Se Ribeirão não tem shopping centers, pode aproveitar o perfil urbano para criar um centro comercial que cumpra o papel de aglutinar a comunidade sem descaracterizar a cidade. "A praça pode desempenhar o papel de centro recreativo de um shopping, que seria o próprio Centro da cidade. É possível dizer que hoje a praça começa a cumprir esse papel" -- acredita o secretário Luciano Roda. As iniciativas para dinamizar o Centro fazem parte do que o executivo público chama de construção da auto-estima da população local para que a cidade tenha condições mínimas de atrair turistas e principalmente identidade própria, um diferencial preservacionista em relação ao Grande ABC industrial.

Não se trata de uma discussão psicológica sobre o perfil de Ribeirão Pires, mas de potencializar a capacidade em atrair turistas. Luciano Roda ressalta que o Município atrai de outras cidades um consumidor pontual, que se desloca apenas para determinado empreendimento de lazer, e 65% vêm do Grande ABC, de acordo com o censo turístico realizado pela Administração Pública no ano passado.
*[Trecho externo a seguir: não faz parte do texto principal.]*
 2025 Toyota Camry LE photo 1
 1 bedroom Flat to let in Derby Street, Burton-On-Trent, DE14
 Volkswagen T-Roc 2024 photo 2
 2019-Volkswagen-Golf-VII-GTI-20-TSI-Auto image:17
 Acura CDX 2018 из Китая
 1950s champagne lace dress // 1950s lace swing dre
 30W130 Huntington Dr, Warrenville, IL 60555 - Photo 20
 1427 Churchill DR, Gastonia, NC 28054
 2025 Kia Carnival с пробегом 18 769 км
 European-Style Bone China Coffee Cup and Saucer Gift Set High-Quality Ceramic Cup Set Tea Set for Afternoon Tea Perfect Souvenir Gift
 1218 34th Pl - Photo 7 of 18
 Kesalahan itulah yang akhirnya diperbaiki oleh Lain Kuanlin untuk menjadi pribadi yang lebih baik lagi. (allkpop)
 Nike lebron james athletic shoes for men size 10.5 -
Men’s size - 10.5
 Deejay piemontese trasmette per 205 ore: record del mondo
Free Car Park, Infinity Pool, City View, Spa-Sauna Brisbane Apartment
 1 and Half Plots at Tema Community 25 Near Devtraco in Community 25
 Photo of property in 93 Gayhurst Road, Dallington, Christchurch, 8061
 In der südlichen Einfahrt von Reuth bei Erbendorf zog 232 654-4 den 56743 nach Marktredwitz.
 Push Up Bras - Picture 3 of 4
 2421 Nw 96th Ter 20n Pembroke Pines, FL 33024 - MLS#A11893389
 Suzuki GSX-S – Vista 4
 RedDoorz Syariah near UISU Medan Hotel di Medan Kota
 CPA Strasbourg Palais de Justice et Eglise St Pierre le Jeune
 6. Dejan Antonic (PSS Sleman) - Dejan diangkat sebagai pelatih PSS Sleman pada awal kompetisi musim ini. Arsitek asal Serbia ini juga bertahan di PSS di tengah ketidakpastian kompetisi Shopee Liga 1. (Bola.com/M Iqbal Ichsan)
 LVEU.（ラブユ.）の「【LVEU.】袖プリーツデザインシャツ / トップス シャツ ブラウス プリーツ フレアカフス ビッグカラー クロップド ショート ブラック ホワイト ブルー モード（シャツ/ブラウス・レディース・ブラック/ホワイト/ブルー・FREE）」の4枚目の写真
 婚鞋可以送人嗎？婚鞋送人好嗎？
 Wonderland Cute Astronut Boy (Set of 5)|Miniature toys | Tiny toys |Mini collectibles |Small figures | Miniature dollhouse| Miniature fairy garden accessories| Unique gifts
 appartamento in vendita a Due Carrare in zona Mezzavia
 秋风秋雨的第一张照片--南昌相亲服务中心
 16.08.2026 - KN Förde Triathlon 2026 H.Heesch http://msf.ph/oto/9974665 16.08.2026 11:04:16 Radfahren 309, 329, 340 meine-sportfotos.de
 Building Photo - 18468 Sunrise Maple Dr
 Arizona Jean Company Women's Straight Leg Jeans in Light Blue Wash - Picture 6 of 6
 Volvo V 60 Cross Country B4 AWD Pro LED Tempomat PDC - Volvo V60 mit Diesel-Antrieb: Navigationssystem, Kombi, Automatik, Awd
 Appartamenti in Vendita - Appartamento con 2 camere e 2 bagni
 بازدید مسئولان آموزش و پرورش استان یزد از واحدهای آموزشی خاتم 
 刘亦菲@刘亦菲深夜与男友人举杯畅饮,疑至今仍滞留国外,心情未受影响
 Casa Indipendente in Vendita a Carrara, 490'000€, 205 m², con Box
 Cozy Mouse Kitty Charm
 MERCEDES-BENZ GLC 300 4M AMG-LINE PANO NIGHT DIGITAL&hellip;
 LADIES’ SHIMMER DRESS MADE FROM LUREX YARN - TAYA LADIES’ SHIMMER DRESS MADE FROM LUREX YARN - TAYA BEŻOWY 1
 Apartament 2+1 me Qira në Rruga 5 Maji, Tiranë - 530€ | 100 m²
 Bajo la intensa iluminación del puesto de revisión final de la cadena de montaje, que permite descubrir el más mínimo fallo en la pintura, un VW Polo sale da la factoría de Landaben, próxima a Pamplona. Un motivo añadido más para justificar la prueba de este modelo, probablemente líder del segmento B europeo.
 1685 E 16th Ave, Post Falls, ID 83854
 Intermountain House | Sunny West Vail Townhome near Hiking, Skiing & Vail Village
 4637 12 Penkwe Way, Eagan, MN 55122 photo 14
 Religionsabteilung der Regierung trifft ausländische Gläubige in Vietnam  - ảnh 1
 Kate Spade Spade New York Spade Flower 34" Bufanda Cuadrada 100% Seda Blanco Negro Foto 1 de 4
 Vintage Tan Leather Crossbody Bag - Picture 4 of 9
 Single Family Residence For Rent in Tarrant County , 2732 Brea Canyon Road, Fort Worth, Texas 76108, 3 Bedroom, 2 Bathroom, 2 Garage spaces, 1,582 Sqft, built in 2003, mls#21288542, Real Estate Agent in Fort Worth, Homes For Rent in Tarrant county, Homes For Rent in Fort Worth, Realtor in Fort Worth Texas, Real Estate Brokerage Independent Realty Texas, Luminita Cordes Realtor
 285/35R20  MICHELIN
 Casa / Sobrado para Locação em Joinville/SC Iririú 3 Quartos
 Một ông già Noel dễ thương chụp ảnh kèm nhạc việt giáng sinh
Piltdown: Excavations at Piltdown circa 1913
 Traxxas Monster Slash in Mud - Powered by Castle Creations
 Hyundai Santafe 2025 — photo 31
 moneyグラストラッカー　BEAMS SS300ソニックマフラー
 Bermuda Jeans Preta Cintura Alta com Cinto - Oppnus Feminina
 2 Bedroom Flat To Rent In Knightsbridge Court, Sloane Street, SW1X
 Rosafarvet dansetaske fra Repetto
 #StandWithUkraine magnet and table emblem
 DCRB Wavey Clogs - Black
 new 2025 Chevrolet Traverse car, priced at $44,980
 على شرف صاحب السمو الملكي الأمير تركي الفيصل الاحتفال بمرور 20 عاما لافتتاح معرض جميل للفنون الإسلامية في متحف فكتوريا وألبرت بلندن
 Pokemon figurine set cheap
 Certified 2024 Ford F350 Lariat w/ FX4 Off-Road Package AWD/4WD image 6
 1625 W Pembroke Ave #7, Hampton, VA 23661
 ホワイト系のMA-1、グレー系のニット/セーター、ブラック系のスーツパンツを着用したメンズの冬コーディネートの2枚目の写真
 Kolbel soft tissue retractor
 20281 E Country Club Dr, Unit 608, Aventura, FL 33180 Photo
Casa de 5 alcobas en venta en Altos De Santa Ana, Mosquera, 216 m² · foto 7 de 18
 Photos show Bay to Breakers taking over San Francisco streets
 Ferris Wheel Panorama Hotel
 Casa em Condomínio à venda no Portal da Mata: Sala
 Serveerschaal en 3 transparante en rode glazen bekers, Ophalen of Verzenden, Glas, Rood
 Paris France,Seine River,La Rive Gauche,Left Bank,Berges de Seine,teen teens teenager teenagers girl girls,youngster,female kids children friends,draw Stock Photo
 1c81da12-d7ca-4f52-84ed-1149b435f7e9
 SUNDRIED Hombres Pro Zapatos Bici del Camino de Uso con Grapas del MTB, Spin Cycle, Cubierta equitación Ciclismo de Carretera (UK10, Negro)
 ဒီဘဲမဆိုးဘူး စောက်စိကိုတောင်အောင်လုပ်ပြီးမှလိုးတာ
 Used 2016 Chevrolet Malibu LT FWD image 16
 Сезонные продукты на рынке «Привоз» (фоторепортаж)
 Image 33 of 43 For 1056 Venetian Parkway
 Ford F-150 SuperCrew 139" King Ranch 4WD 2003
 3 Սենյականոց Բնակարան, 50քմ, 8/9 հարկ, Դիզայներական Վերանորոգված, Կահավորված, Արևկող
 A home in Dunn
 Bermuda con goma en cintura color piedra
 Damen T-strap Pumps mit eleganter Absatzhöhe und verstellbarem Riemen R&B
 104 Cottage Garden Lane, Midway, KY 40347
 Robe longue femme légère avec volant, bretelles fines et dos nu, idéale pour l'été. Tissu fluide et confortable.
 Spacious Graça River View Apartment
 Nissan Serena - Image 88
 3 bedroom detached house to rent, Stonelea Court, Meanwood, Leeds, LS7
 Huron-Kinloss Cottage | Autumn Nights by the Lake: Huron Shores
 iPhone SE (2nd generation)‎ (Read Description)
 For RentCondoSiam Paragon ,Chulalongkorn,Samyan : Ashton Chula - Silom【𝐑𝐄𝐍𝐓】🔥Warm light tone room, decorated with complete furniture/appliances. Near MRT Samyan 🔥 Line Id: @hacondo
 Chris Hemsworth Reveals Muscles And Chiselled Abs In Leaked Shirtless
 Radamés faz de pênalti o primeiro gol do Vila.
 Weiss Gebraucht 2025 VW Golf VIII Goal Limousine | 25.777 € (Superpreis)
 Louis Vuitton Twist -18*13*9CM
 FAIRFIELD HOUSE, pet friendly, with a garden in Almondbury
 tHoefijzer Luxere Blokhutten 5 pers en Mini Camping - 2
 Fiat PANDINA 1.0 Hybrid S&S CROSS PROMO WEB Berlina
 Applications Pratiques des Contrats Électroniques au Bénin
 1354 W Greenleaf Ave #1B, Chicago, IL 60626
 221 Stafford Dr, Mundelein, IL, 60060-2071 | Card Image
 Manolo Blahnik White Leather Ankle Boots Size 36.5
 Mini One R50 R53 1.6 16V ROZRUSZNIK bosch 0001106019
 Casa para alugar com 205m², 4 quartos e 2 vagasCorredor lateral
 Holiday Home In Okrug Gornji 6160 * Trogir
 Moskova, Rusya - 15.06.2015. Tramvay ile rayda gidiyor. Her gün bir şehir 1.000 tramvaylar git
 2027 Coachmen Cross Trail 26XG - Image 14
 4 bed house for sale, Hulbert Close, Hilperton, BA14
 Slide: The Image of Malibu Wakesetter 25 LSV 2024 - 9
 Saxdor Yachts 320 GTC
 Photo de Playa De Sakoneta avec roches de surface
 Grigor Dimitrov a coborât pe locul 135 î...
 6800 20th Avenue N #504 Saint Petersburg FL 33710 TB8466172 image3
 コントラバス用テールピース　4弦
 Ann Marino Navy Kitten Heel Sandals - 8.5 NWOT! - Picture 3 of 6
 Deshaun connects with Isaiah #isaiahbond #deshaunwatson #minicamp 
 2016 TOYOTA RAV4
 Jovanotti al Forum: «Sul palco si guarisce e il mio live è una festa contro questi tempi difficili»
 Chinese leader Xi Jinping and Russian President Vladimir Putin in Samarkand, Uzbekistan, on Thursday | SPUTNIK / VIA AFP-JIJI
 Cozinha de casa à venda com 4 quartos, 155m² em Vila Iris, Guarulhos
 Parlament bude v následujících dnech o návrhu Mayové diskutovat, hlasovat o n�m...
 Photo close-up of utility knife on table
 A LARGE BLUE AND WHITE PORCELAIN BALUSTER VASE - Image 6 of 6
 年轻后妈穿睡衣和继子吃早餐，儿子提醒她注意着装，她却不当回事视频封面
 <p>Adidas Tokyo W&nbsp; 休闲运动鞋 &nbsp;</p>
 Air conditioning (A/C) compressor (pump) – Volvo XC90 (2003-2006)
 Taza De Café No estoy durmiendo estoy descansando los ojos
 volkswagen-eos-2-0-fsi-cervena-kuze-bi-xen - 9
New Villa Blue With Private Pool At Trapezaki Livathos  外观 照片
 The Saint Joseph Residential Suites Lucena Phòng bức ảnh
O censo mostra que Ribeirão recebe 10 mil pessoas em fins de semana ensolarados. São visitantes que se dirigem, por exemplo, para o Centro Hípico Amarelinho, Clube Náutico Tahiti ou para algum pesque-pague e depois retorna direto para casa sem parar na cidade ou conhecer outras atrações locais. Para afirmar a identidade turística do Município, a Prefeitura iluminou o trevo de acesso à cidade pela Rodovia Índio Tibiriçá e fez pressão para a Sabesp investir R$ 1,3 milhão em obras de saneamento que aumentariam a capacidade de preservação dos mananciais. "Queremos transformar o turista pontual num consumidor da estância. Os efeitos serão sentidos ao longo do tempo e o trabalho continua, pois o projeto Centro com Qualidade foi realizado em apenas 60%" -- cita o secretário Luciano Roda.

Para completar a plástica cultural e urbana de Ribeirão Pires, entretanto, é necessário mais. O problema principal é conhecido: recursos para novos projetos e iniciativas. O orçamento municipal deste ano é de cerca de R$ 52,1 milhões. Como estância, a cidade tem direito a uma cota do Estado. O dinheiro já deveria ter chegado a Ribeirão Pires vindo da Secretaria de Esportes e Turismo, que desde 1999 tem em mãos projetos da Prefeitura para requalificação de pontos turísticos como implantação de coleta seletiva e reforma do Centro do distrito de Ouro Fino Paulista. As propostas foram encaminhadas ao Departamento de Apoio e Desenvolvimento das Estâncias do governo estadual e previam repasse de R$ 917 mil no ano passado, o que acabou não ocorrendo. Este ano, durante a Feira Regional de Turismo realizada em junho pelo Sehal (Sindicato das Empresas de Hospedagem e Alimentação do Grande ABC), o secretário de Esporte e Turismo do Estado, Marcos Arbeitman, prometeu que a verba seria repassada ainda este ano para a cidade. "Se a gente tivesse a garantia de que o dinheiro viria todo ano, de forma regular, Ribeirão Pires não teria projetos pontuais, mas toda uma política de incentivo ao turismo" -- assegura Roberto Rusticci, gerente de Turismo da Prefeitura.